Segment Open

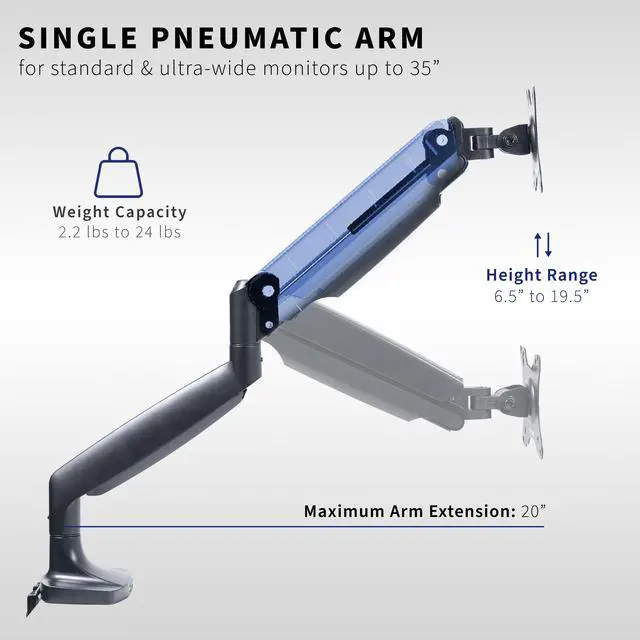 Alt view image 7 of 8 - VIVO Black Heavy Duty Single Ultrawide Monitor Desk Mount Stand with Pneumatic Spring Arm, Fits Screens up to 35"
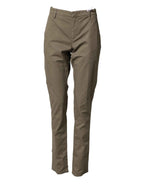 Dondup Beige Cotton Stretch Straight Chino Men Trouser Pants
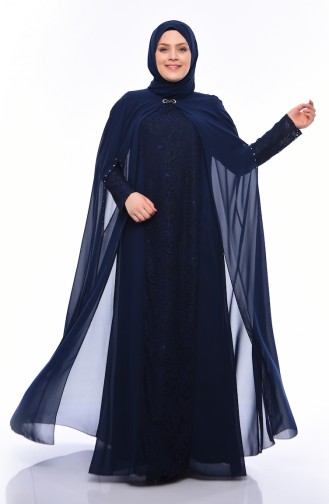 Robe de Soirée Avec Broche Grande Taille 1307-01 Bleu Marine 1307-01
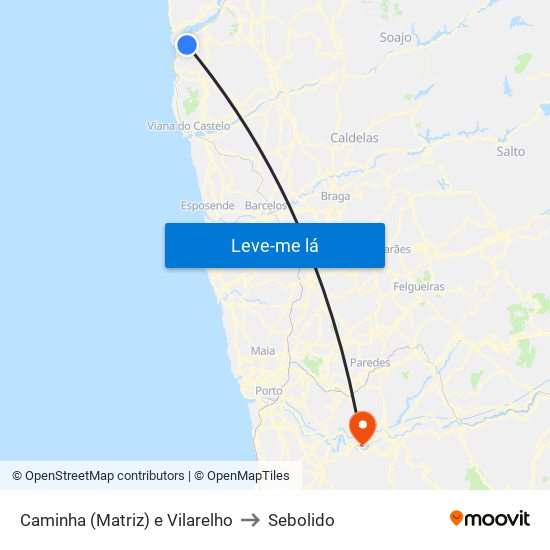 Caminha (Matriz) e Vilarelho to Sebolido map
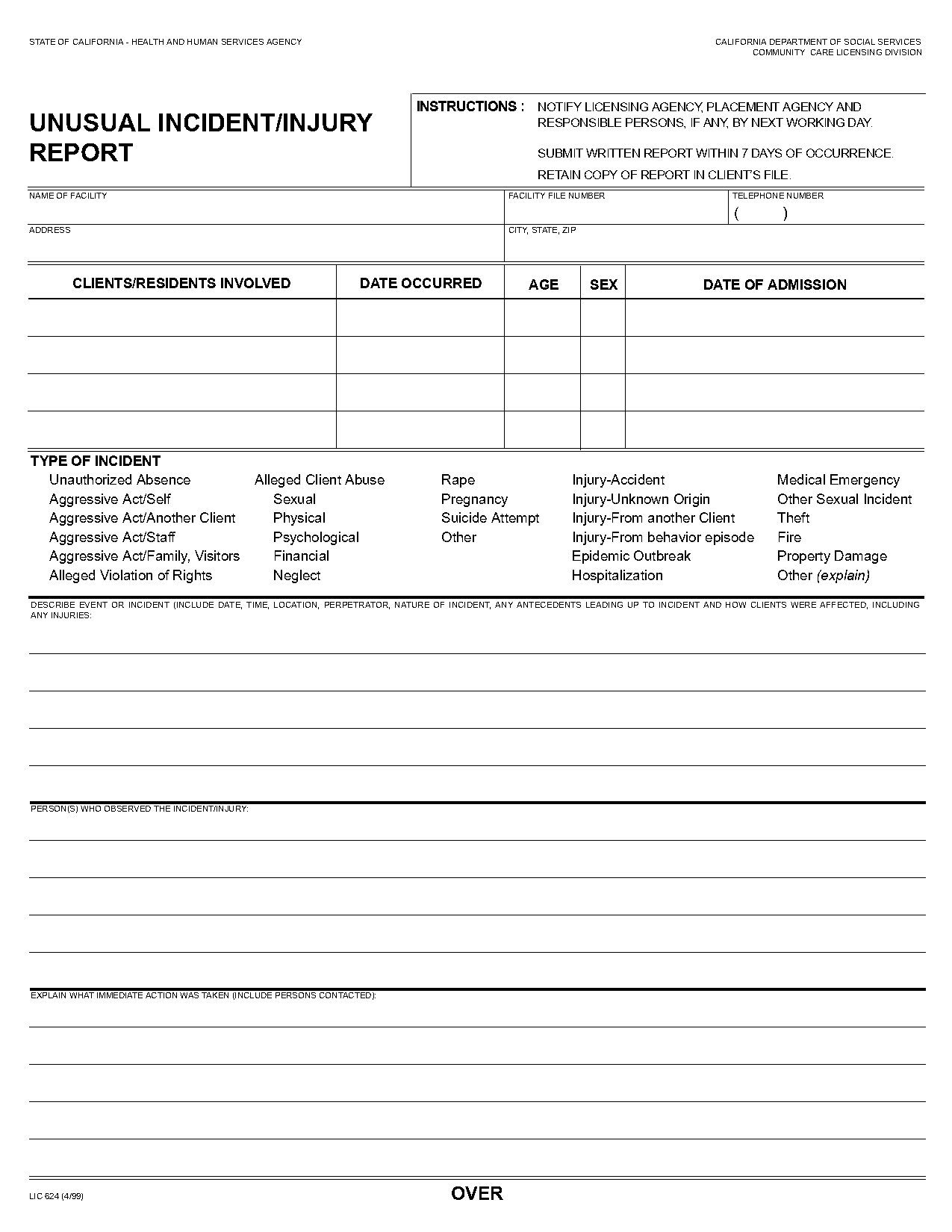 accident incident report form template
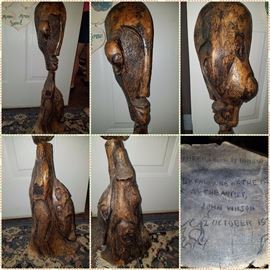 One of the most unique sculptures ever! Wooden by African-American artist John Wilson in 1973. Faces. You have to see this to appreciate it!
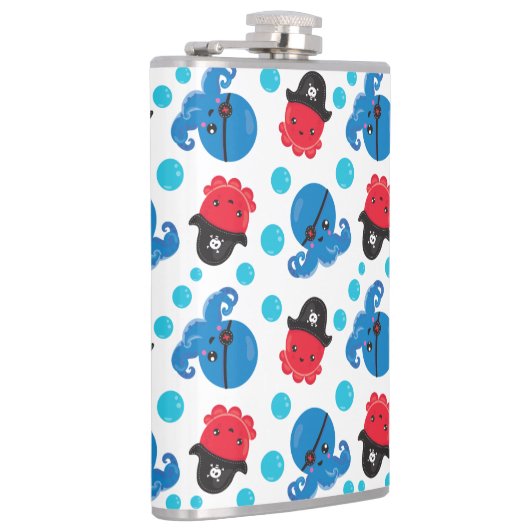 Piratenktopus, Octopusmuster, Meerestiere Flachmann (Rechts)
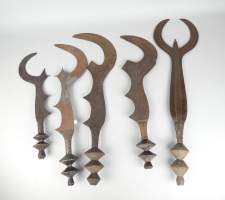 Africain : 5 glaives faucilles du Congo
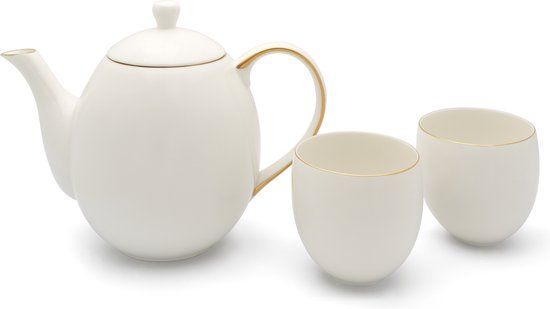 Bredemeijer Canterbury Theeset - Porselein - Wit - 1.2 Liter - 3-Delig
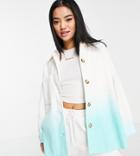 Asos Design Petite Cord Dip Dye Shacket In Blue-blues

Segment Closed

EXERCISE INSTRUCTIONS. Reproduce each line of the records above, exactly and without pictures.

THE COMPLETED TASK.
 Alt view image 7 of 8 - VIVO Black Heavy Duty Single Ultrawide Monitor Desk Mount Stand with Pneumatic Spring Arm, Fits Screens up to 35"
 Dondup Beige Cotton Stretch Straight Chino Men Trouser Pants
 Robe de Soirée Avec Broche Grande Taille 1307-01 Bleu Marine 1307-01
 Caminha (Matriz) e Vilarelho to Sebolido map
 accident incident report form template
 One of the most unique sculptures ever! Wooden by African-American artist John Wilson in 1973. Faces. You have to see this to appreciate it!
 Piratenktopus, Octopusmuster, Meerestiere Flachmann (Rechts)
 Africain : 5 glaives faucilles du Congo
 Bredemeijer Canterbury Theeset - Porselein - Wit - 1.2 Liter - 3-Delig
 Asos Design Petite Cord Dip Dye Shacket In Blue-blues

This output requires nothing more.